### AIM OF THE TASK
Restate all entries exactly. Skip the images.

### Image-caption web data
★ ★ ★ ★ ★ ★ ★
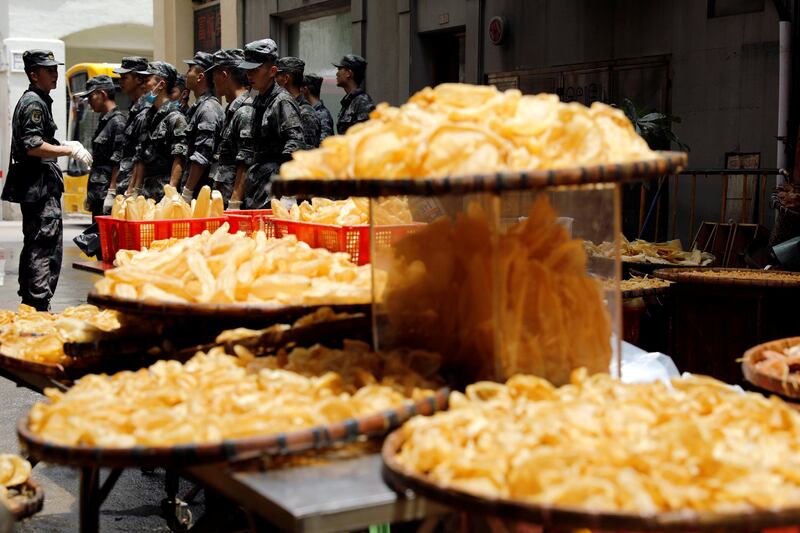 People’s Liberation Army soldiers stand near dried seafood after Typhoon Hato hits in Macau, China. Tyrone Siu / Reuters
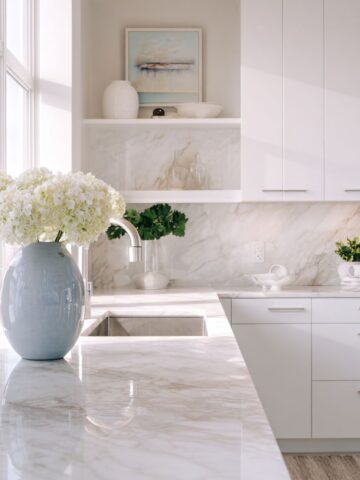 Bright white kitchen with large windows, marble counters, and minimal decor, highlighting smart design that lets natural light fill the room.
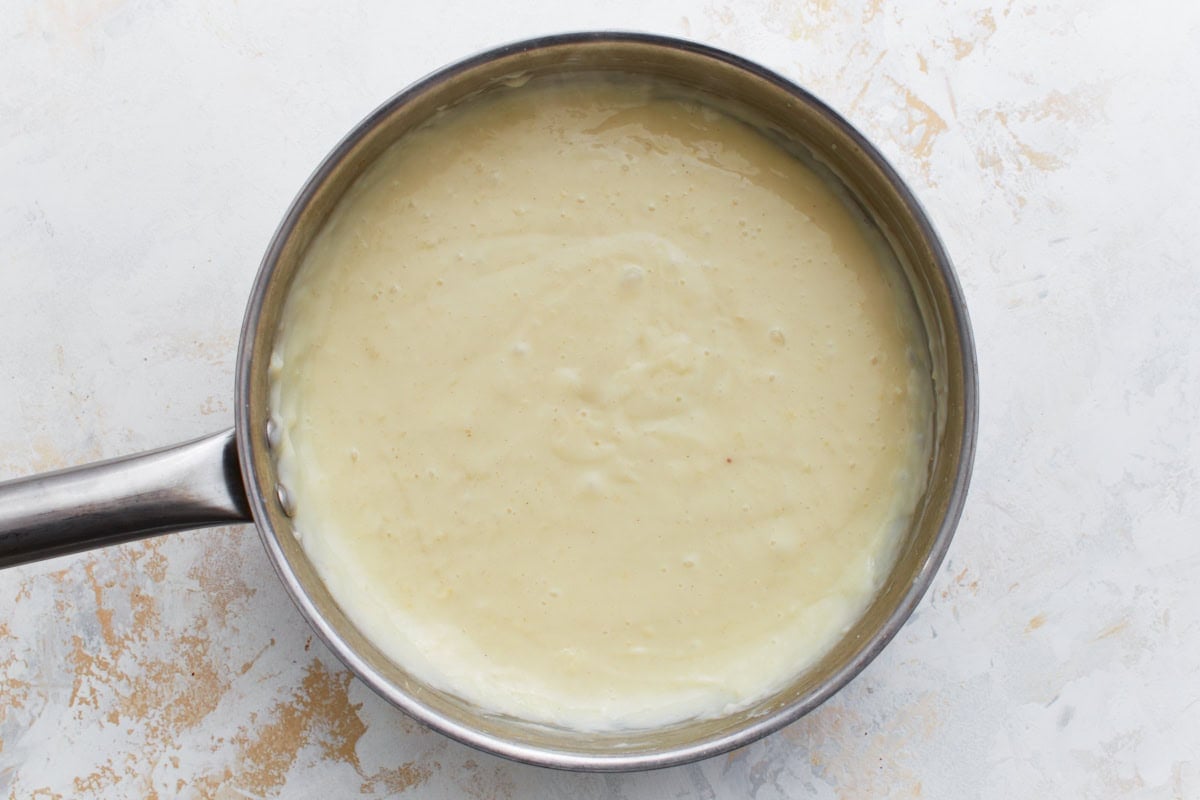 Custard mixture in a saucepan beginning to thicken as it cooks.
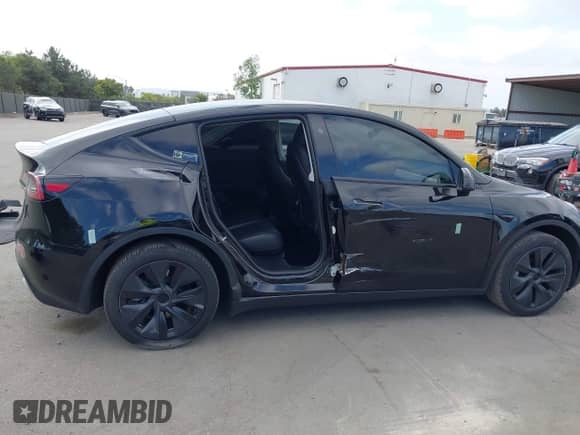 2024 Tesla Model Y with VIN 7SAYGDED8RF156984, listed as a IAAI auction lot 43324819 with 26,941 mi miles and . Bid and sale history available at DreamBid. Image 6.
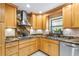 Modern kitchen featuring granite countertops, stainless steel appliances, and custom wood cabinetry at 335 W Bay St, Winter Garden, FL 34787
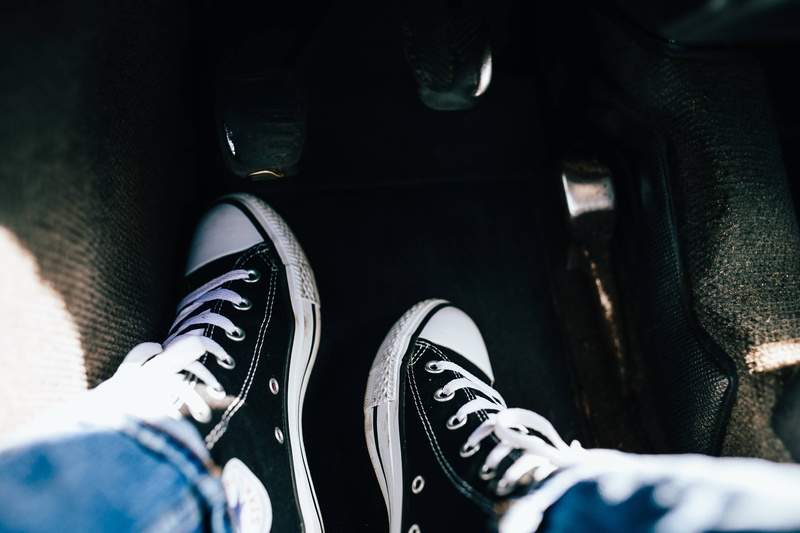 lifestyles, unrecognizable person, land vehicle, human Foot, men, car, jeans, human body part, casual, winter, canvas shoe, black, car interior, mode of transportation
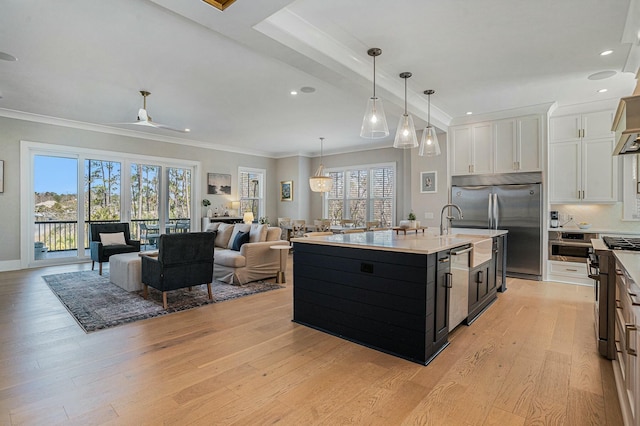 kitchen with open floor plan, light countertops, light wood-type flooring, white cabinetry, and high end appliances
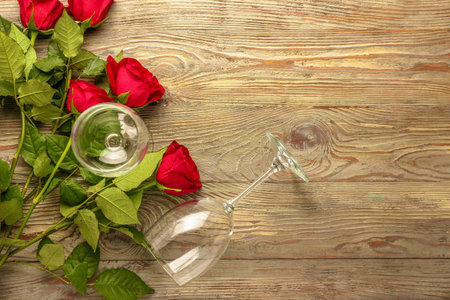 Wineglasses and roses on wooden backgroundの写真素材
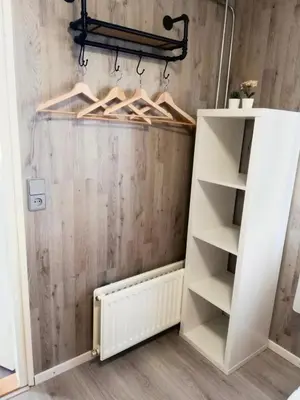 a room with white shelves and a wall at Cozy chalet in Opmeer near Amsterdam and Beach in Opmeer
★ ★ ★ ★ ★ ★ ★
### REPLY TO THE EXERCISE
 People’s Liberation Army soldiers stand near dried seafood after Typhoon Hato hits in Macau, China. Tyrone Siu / Reuters
 Bright white kitchen with large windows, marble counters, and minimal decor, highlighting smart design that lets natural light fill the room.
 Custard mixture in a saucepan beginning to thicken as it cooks.
 2024 Tesla Model Y with VIN 7SAYGDED8RF156984, listed as a IAAI auction lot 43324819 with 26,941 mi miles and . Bid and sale history available at DreamBid. Image 6.
 Modern kitchen featuring granite countertops, stainless steel appliances, and custom wood cabinetry at 335 W Bay St, Winter Garden, FL 34787
 lifestyles, unrecognizable person, land vehicle, human Foot, men, car, jeans, human body part, casual, winter, canvas shoe, black, car interior, mode of transportation
 kitchen with open floor plan, light countertops, light wood-type flooring, white cabinetry, and high end appliances
 Wineglasses and roses on wooden backgroundの写真素材
 a room with white shelves and a wall at Cozy chalet in Opmeer near Amsterdam and Beach in Opmeer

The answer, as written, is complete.